Not enough bang for the buck

Dec 9, 2009 13:08 GMT  ·  By

One of the biggest releases of 2009 was Halo 3: ODST, the non Master Chief shooter from Bungie that put the player in the combat boots of an Orbital Drop Shock Trooper dispatched to battle the Covenant in the middle on New Mombasa.

Even if the game managed some very good sales, especially for the amount of content it delivered, at least one man who worked on it feels that ODST could have been bigger if Microsoft, the publisher, had handled some aspects of the game out in a better way.

Lars Bakken, the lead designer who worked on ODST, told G4 in an interview that “I'm no PR expert, but it's pretty obvious the game had a series of stumbles; from the naming, to the initial E3 2008 countdown reveal failure, and finally pricing. It would definitely be nice to have a do-over for the game introduction.”

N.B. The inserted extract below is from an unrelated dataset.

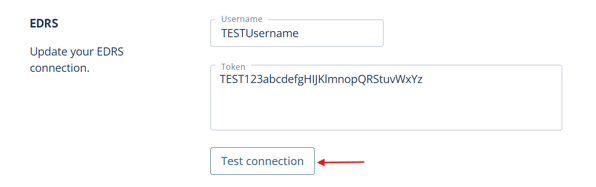 EDRS Username and token fields above a button named "Test connection"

While the whole presentation process for the game could have been improved, the big limiter in sales was probably the fact that it sold for the price of a full Xbox 360 title even if it introduced a small single player campaign, one new multiplayer mode in Firefight and a collection of the multiplayer maps that were previously released by Bungie.

It would have made sense for ODST to actually arrive as three separate pieces of DLC, one with the single player campaign, one with Firefight and the remaining with the maps, all of them priced at around 20 dollars, allowing players to pick and choose which element of the experience they want.

Bungie is still working on the Halo franchise, despite repeatedly saying that it plans to start a new gaming concept. Reach is set to be delivered in 2010 and will serve as a prequel to the entire Halo series with more Master Chief appearances and a promised bundle of interesting backstories.